• **Problem to solve**
Word for word, print out all of the data, omitting every image.

======== Recorded information ========

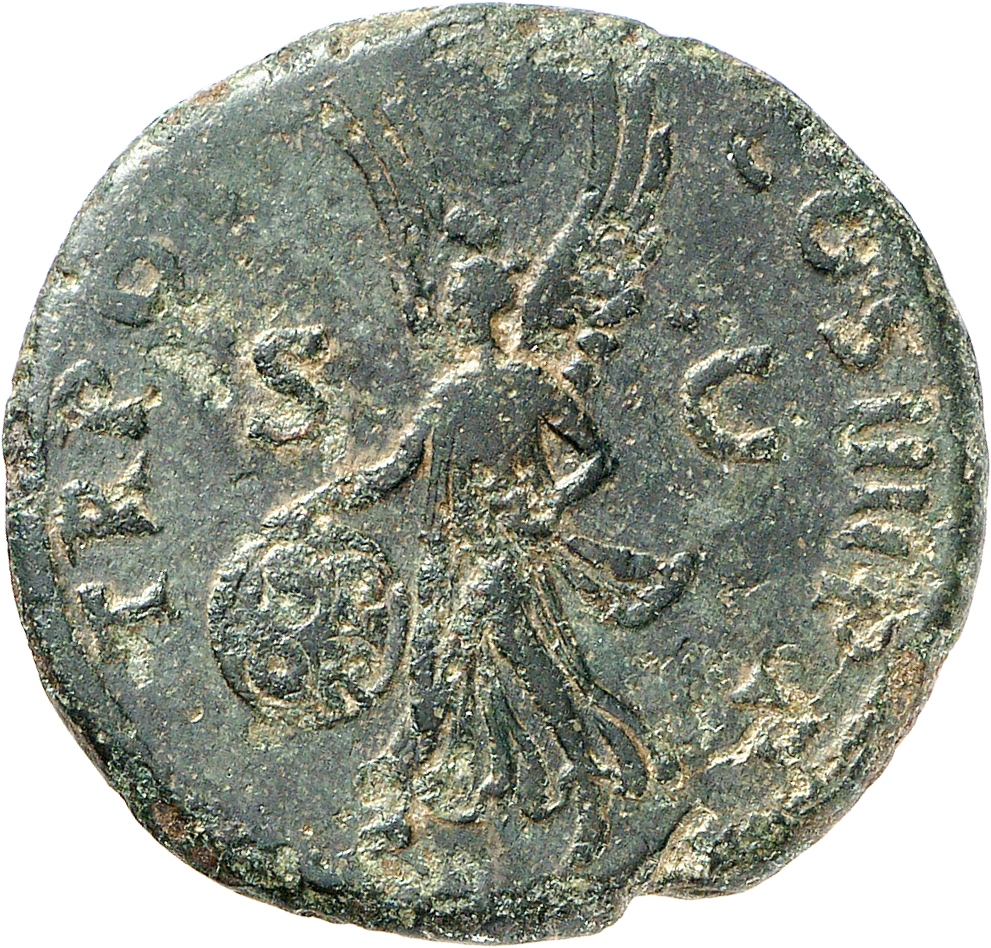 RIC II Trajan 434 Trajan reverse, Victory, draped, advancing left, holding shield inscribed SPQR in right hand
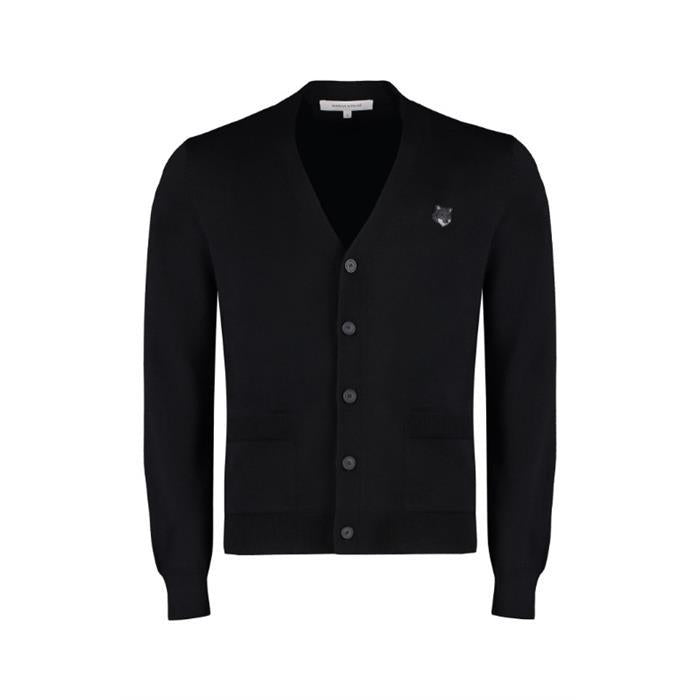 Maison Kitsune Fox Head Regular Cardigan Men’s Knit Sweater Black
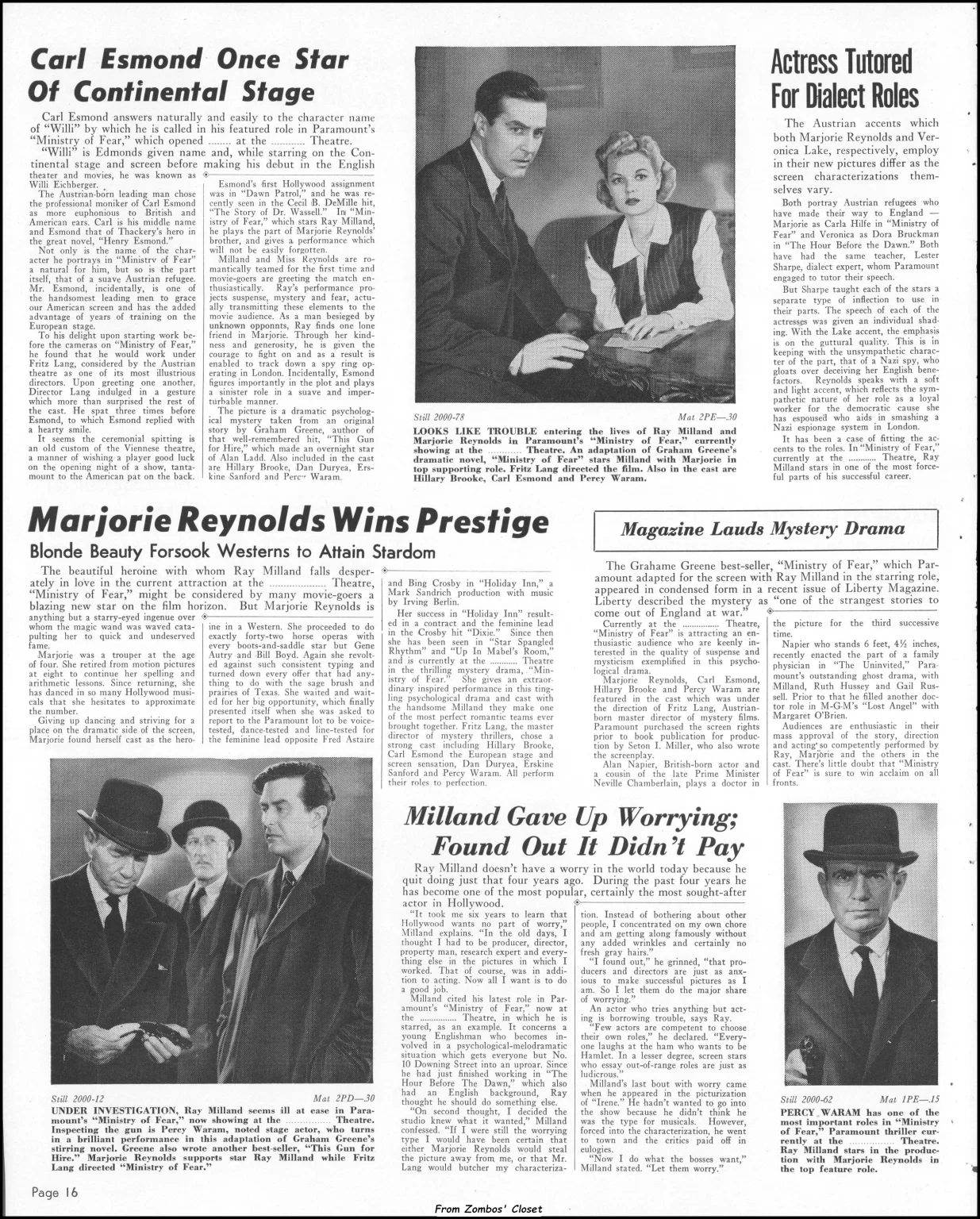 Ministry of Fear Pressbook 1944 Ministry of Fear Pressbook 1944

========

• **Response**
 RIC II Trajan 434 Trajan reverse, Victory, draped, advancing left, holding shield inscribed SPQR in right hand
 Maison Kitsune Fox Head Regular Cardigan Men’s Knit Sweater Black
 Ministry of Fear Pressbook 1944 Ministry of Fear Pressbook 1944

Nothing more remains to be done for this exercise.